Dandandan opened a new pull request, #22354:
URL: https://github.com/apache/datafusion/pull/22354
## Which issue does this PR close?
<!-- No issue yet; happy to file one if preferred. -->
- Closes #.
## Rationale for this change
`OptimizedRegex` (introduced for ClickBench Q28-style patterns) already
handles `^...(capture).*$` → `${1}` by stripping the trailing `.*$` and running
the shortened regex with reusable `CaptureLocations`. That avoids `expand()`
and string allocation, but still pays for full regex matching on every row.
For the common subset where the regex up to the capture reduces to a
**finite set of literal byte prefixes** and the capture has the form `([^X]+)X`
for a single ASCII byte `X`, we can do strictly better: parse the pattern's HIR
once at planning time, enumerate the literal prefix variants, and dispatch each
row to a `memchr`-based extractor — no regex engine involvement per row.
Patterns that fit this shape:
| Pattern | Prefix variants | Terminator |
|---|---|---|
| `^https?://(?:www\.)?([^/]+)/.*$` (ClickBench Q28) | `https://www.`,
`http://www.`, `https://`, `http://` | `/` |
| `^foo:([^,]+),.*$` | `foo:` | `,` |
| `^(?:foo\|bar\|baz):([^/]+)/.*$` | `bar:`, `baz:`, `foo:` | `/` |
Any pattern that doesn't fit (case-insensitive, multiline, non-ASCII
terminator, unbounded prefix) falls back to the existing `ShortenedRegex` path
with no change.
## Performance
Measured on ClickBench Q28 (`REGEXP_REPLACE(\"Referer\",
'^https?://(?:www\.)?([^/]+)/.*\$', '\1')`, partitioned dataset, `dfbench
--iterations 5 --query 28`, same machine):
| Build | Avg ms | Delta |
|---|---:|---:|
| Upstream main (shortened-regex only) | 4577.52 | baseline |
| Literal-prefix fast path | 2225.00 | **-51.4%** |
Per-iteration:
- Upstream: 4294.1, 4426.0, 4431.4, 5035.1, 4701.0
- Literal-prefix: 2417.5, 2178.1, 2244.0, 2154.8, 2130.6
## What changes are included in this PR?
- New `LiteralPrefixCaptureSpec` variant of the internal `ShortRegex` enum,
holding a deduplicated longest-first list of literal prefixes plus a
single-byte terminator.
- `try_recognize_literal_prefix_capture(pattern)` parses the pattern with
`regex-syntax::parse`, walks the HIR, enumerates prefix variants (bounded by
`MAX_PREFIX_VARIANTS = 32`), and verifies the capture is greedy `[^X]+`
followed by a literal `X`, `.*`, `\$`.
- Runtime extractor probes prefixes longest-first; on empty-capture failure
(the longest prefix consumes bytes the capture needs) it falls back to shorter
prefixes.
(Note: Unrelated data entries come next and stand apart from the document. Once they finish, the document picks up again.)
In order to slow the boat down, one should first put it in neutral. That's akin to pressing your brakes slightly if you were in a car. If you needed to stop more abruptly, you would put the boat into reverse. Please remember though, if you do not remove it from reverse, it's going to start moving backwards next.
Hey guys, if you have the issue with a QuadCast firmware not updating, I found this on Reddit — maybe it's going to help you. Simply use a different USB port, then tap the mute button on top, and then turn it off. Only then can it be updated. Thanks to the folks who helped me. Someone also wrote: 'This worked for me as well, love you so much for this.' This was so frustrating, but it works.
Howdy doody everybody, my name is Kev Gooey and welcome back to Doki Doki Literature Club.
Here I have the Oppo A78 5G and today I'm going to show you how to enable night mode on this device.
That preserves the full regex's backtracking semantics for cases like
`http://www./path` against the Q28 pattern, where the regex prefers to leave
`www.` outside the optional so the capture is non-empty.
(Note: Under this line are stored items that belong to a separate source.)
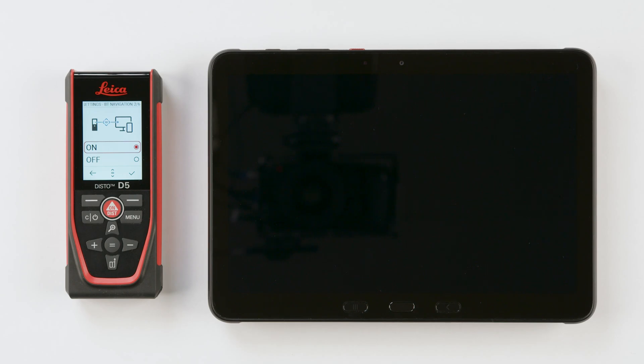Step 2: Bluetooth navigation. Select On to use the keypad from the Disto to navigate inside the Excel file, and confirm this selection.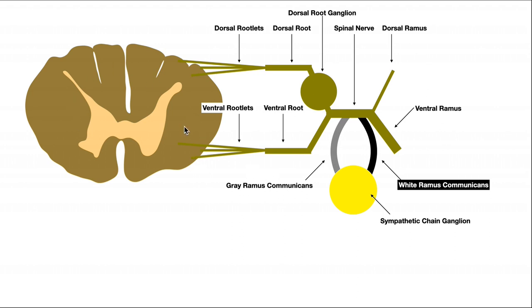Hopefully you have a general understanding of the anatomy of the spinal cord. Notice off of each side of the spinal cord we have rootlets that come off of it. Posteriorly we have dorsal rootlets, and anteriorly we have ventral rootlets. Those rootlets fuse into a root — the dorsal rootlets fuse into the dorsal root, also called the posterior root, and the ventral rootlets fuse into the ventral root, sometimes called the anterior root.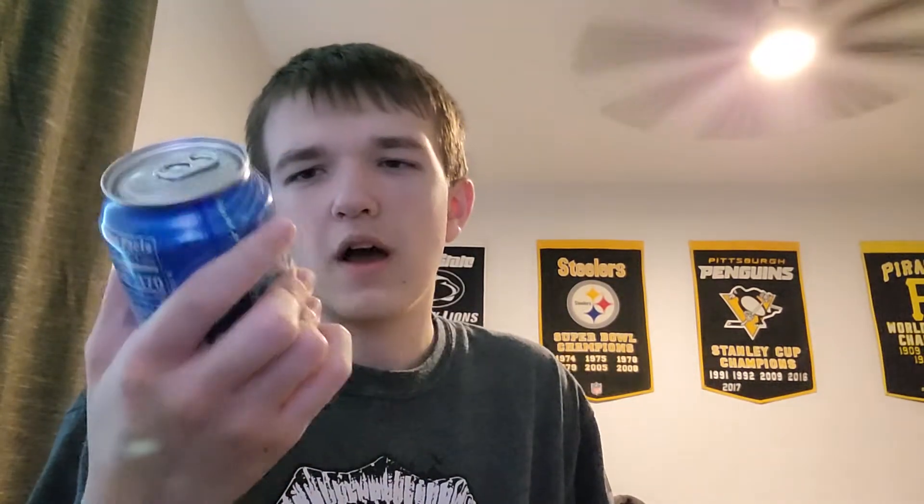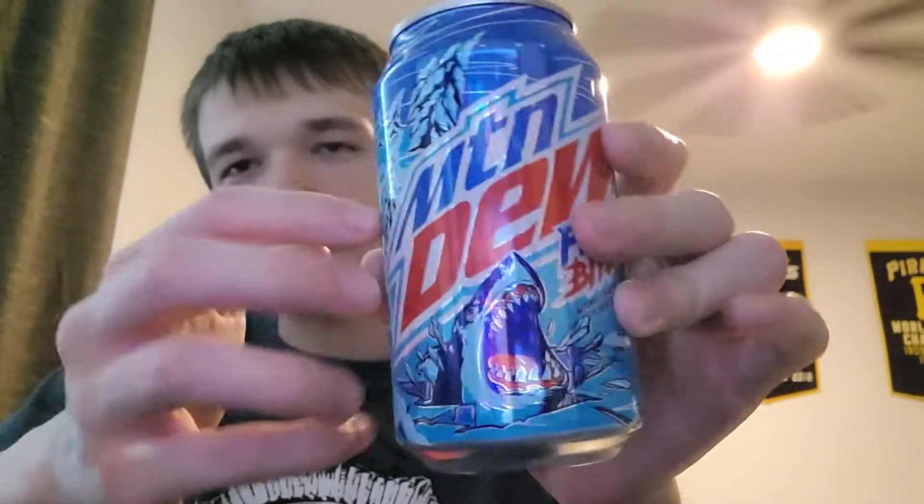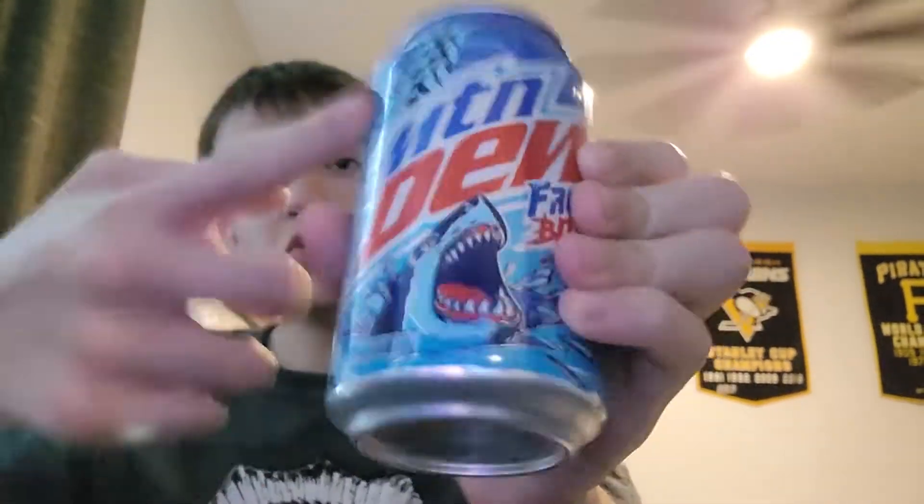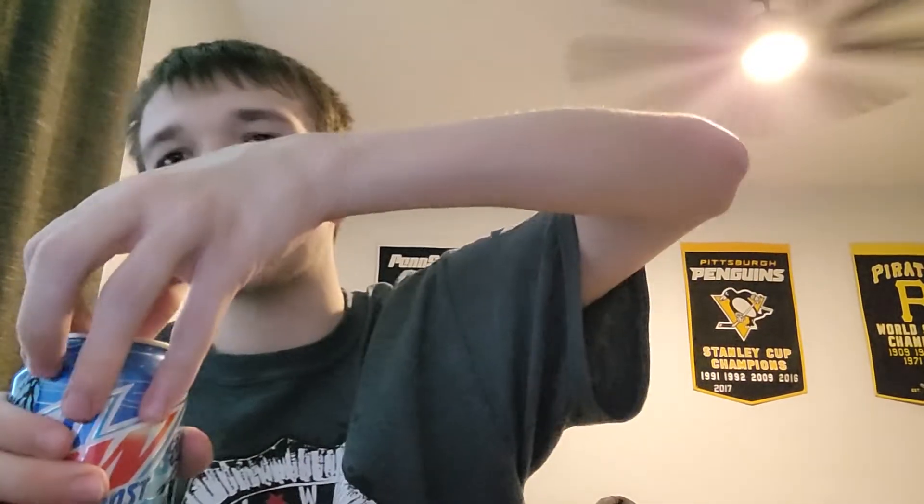We're going to see how Mountain Dew Frostbite is. I'm expecting it to taste cold — I mean, all soda is cold, well besides that Mountain Dew Flamin' Hot I just had. I love the box art right here — it's all white, it's a glacier with a little shark right there, and the outline of the Mountain Dew logo. And the Mountain Dew logo, instead of being green, it's blue. I love it when companies change the primary logo to the opposite color.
- New transitive direct dep: `regex-syntax` (already pulled in via `regex`,
version pinned to `0.8`). Wired through the `regex_expressions` feature so it's
only compiled when `regex` is.
## Are these changes tested?
New unit tests in `datafusion-functions::regex::regexpreplace::tests`:
- `literal_prefix_recognizer_accepts_clickbench_q28` — exact prefix list and
terminator for the Q28 pattern.
- `literal_prefix_recognizer_accepts_single_literal` and
`_accepts_alternation` — basic shapes.
- `literal_prefix_recognizer_rejects_non_anchored`,
`_rejects_unbounded_prefix`, `_rejects_non_ascii_terminator`,
`_rejects_case_insensitive` — guardrails on what the recognizer will and won't
accept.
- `literal_prefix_fast_path_matches_full_regex_for_q28_pattern` and
`_for_alternation_pattern` — differential tests that run the optimized path and
the full `regex::Regex` on the same inputs (including edge cases like
`http://www./path`, embedded `\n`, empty captures, and non-matching inputs) and
assert byte-equal output.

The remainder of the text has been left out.